Qui peut croire que celui qui s'est extrait de la pauvreté pour devenir l'un des sportifs les mieux payés au monde, pourrait, compte tenu de son immense popularité, ne pas se faire élire le 9 mai au Sénat de l'archipel, après deux mandats en pointillés à sa chambre basse ?

Certainement pas lui, qui s'est permis d'attendre cette semaine pour débuter sa campagne, quand d'autres enchaînent les rassemblements depuis plusieurs mois.

Avant de se consacrer entièrement à la politique, l'octuple champion du monde devait encore terminer en beauté sur les rings. Ce fut chose faite lorsqu'il a remporté le 9 avril à Las Vegas le dernier combat de sa longue carrière contre l'Américain Tim Bradley aux points.

Les sondages montrent qu'Emmanuel «Manny» Pacquiao est quasiment assuré d'enlever un des 12 sièges de sénateurs (sur 24) qui seront à pourvoir le 9 mai.

Alors forcément, dans un pays qui a l'habitude de plébisciter ses célébrités, sa campagne électorale express tient plus du tour d'honneur que d'un effort pour convaincre les sceptiques.

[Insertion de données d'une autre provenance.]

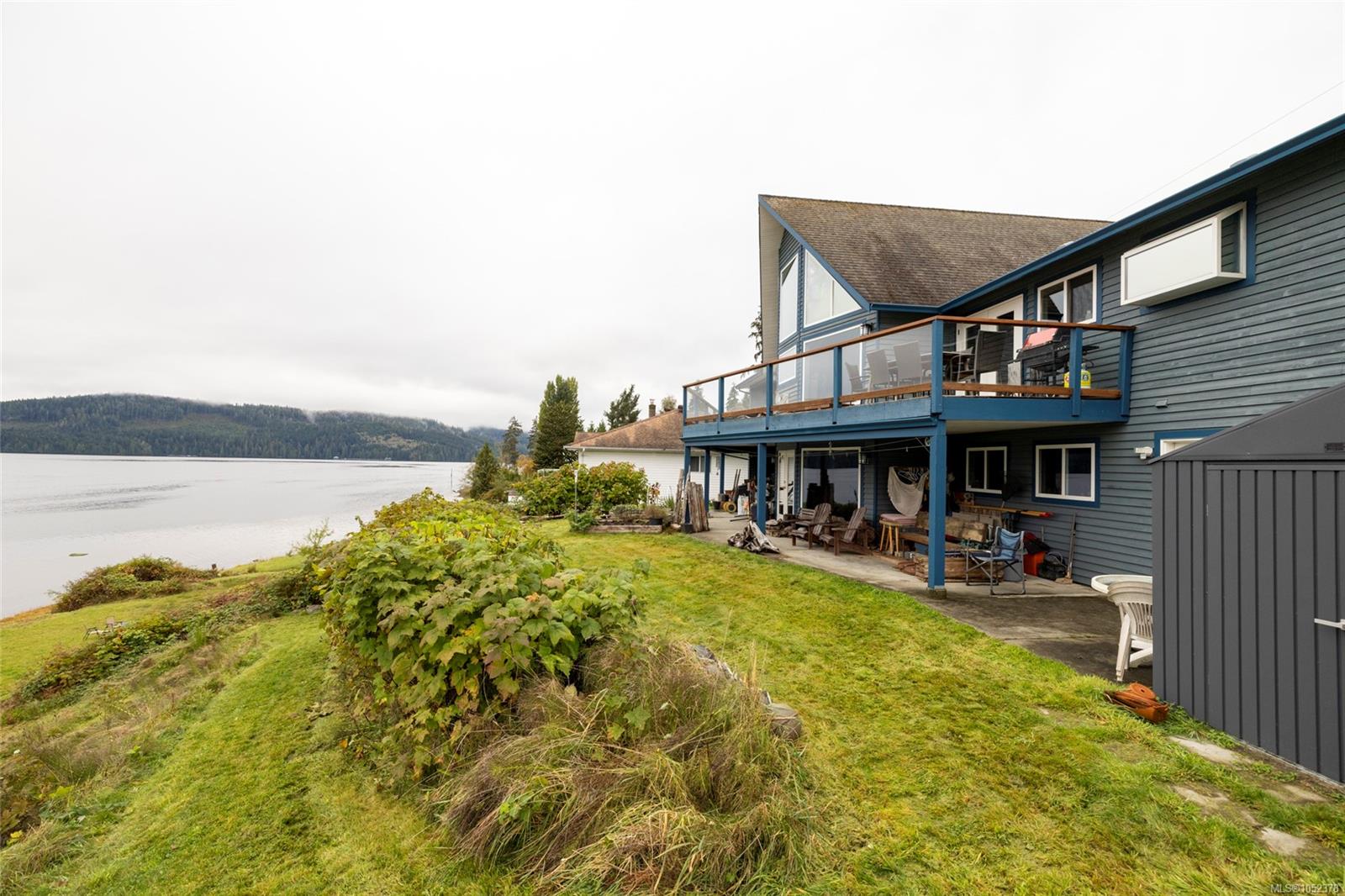 247 Harbour Rd — listing photo 4 of 43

«Je suis heureux de faire campagne. Il y a tellement de gens qui m'encouragent», confie-t-il à l'AFP.

«Je suis très content de la chaleur de l'accueil à chaque rassemblement. Je ne m'y attendais pas.»

Aider les pauvres

Bien que les spéculations continuent sur un éventuel retour sur les rings qui pourrait un jour l'opposer à son grand rival Floyd Mayweather, Pacquiao assure qu'il ne pense plus à la boxe.

«Je suis maintenant un homme politique à plein temps», explique celui dont l'absentéisme a souvent été dénoncé lors de ses deux mandats à la chambre basse du Parlement.

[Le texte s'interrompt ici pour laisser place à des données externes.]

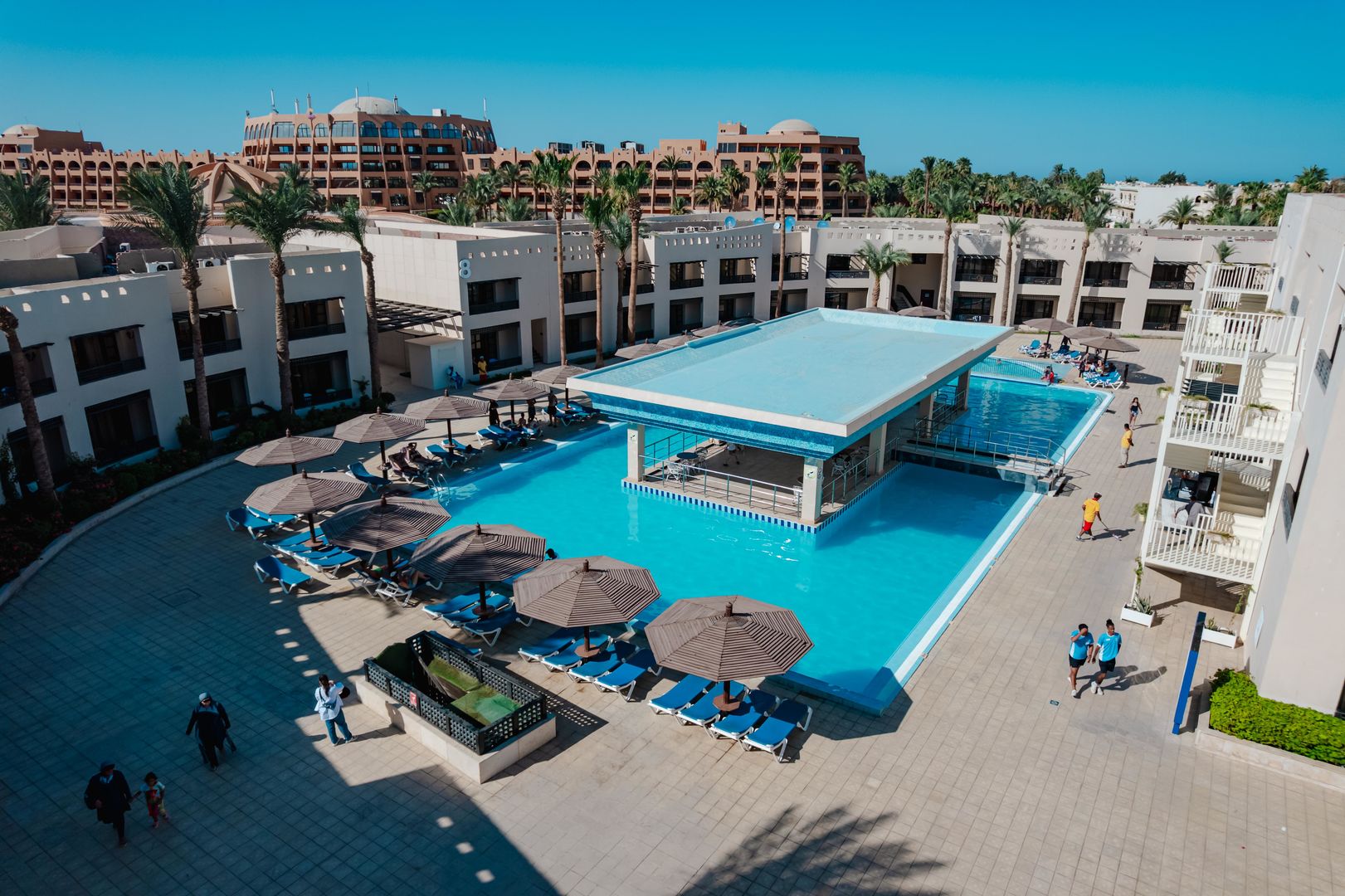 Blend Club Aqua Resort – Zwembad met parasols, Hurghada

«Je me rappelle encore quand je me suis lancé dans la boxe et que j'ai tout fait pour devenir un champion. Je ressens la même chose aujourd'hui.»

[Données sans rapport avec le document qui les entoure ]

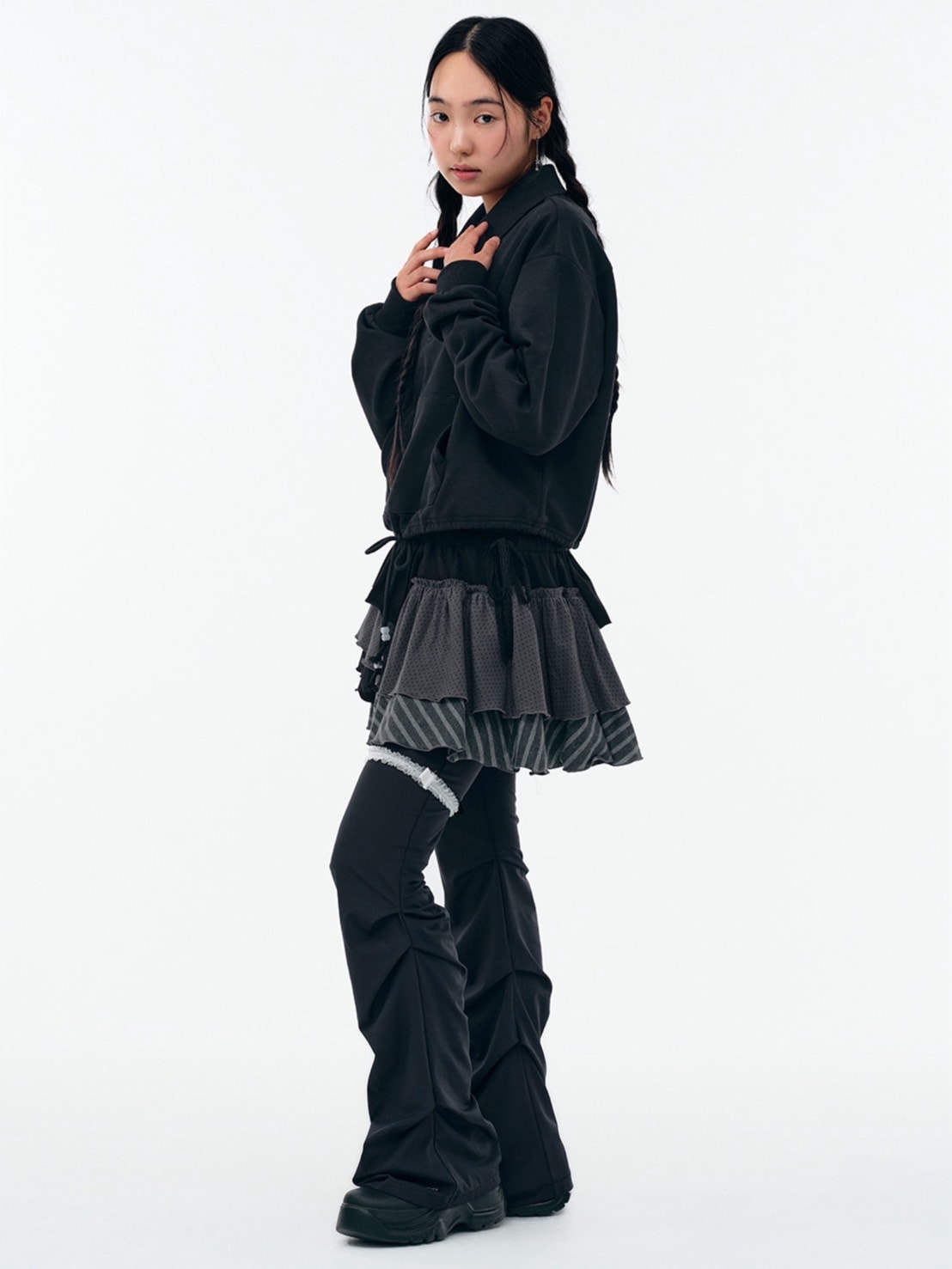 【TUOMIO】ROUND COLLAR STRING TOP / 【トゥオミオ】ラウンドカラーストリングハーフジップスェット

Son aura a été ternie en février par une sortie homophobe, quand il avait estimé que les homosexuels étaient «pires que les animaux». Mais à l'étranger seulement, car dans l'archipel, sa popularité n'a pas fléchi.

En témoigne sa campagne, jeudi, dans la ville de San Pablo, au sud de Manille, où des attroupements se sont formés autour de lui, vendeurs ambulants et badauds rivalisant pour obtenir égoportraits et poignée de main avec le champion.

Né en 1978, «Pacman», qui fut un temps vendeur de beignets dans la rue, s'est mis à la boxe pour aider sa famille pauvre à survivre.

De son point de vue, son vécu le qualifie pour venir en aide aux populations pauvres des Philippines. Pêle-mêle, il propose d'augmenter le salaire des enseignants, de donner des bourses aux étudiants pauvres ou des subventions aux paysans.

«Pas besoin d'être corrompu»

«Je dis aux gens de ne pas perdre espoir, car notre vie était pire que la leur. Nous n'avions ni maison ni terre et parfois même pas de nourriture», explique-t-il.

«Je sais ce que c'est que de dormir dans les rues», poursuit celui qui a, selon Forbes, amassé 160 millions de dollars en 2015 seulement (500 millions durant sa carrière, toujours selon Forbes).

À San Pablo, son discours plaît.

«J'espère qu'il donnera des perspectives aux non-diplômés», confie Jessica Bautista, une femme au foyer de 29 ans. «J'espère que nous allons avoir des formations, car le gouvernement et les entreprises favorisent les diplômés.»

Son mari Julius, chauffeur de tuk-tuk, est également un partisan de Pacquiao: «Il est tellement riche qu'il n'a pas besoin d'être corrompu».

À ceux qui disent qu'il n'a pas l'éducation nécessaire ou le bilan politique pour faire un bon sénateur, Pacquiao ressert son histoire de «self-made-man»: «Dieu m'a permis de m'élever du néant pour devenir quelqu'un», déclare le champion qui ambitionne d'accéder un jour à la présidence. «Je suis donc la bonne personne, la meilleure, pour répondre aux pauvres.»